■ **RAW DATA**
-*-

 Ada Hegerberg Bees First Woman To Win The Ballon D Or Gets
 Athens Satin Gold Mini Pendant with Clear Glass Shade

-*-

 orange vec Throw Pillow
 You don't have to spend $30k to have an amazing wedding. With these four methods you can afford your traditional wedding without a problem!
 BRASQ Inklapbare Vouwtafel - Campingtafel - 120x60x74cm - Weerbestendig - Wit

-*-

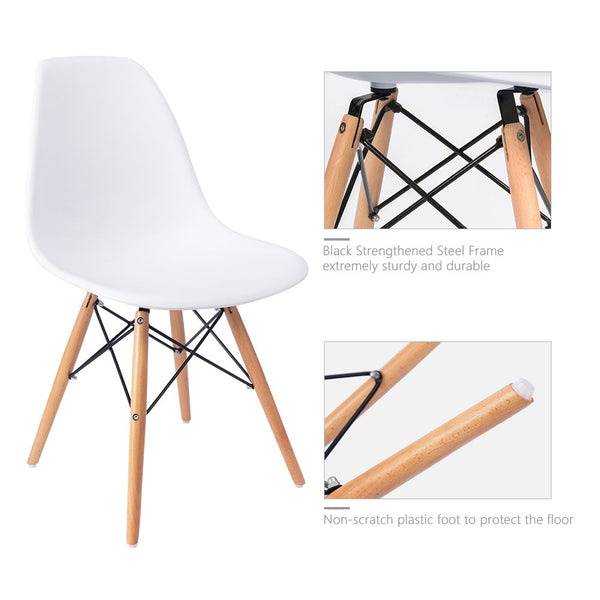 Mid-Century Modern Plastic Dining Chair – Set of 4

-*-

■ **TASK TO COMPLETE**
Look above for the line holding "Ada Hegerberg Bees". Print it and every line after it, exactly, through the line holding "Athens Satin Gold".

■ **RESPONSE TO THIS TASK**
 Ada Hegerberg Bees First Woman To Win The Ballon D Or Gets
 Athens Satin Gold Mini Pendant with Clear Glass Shade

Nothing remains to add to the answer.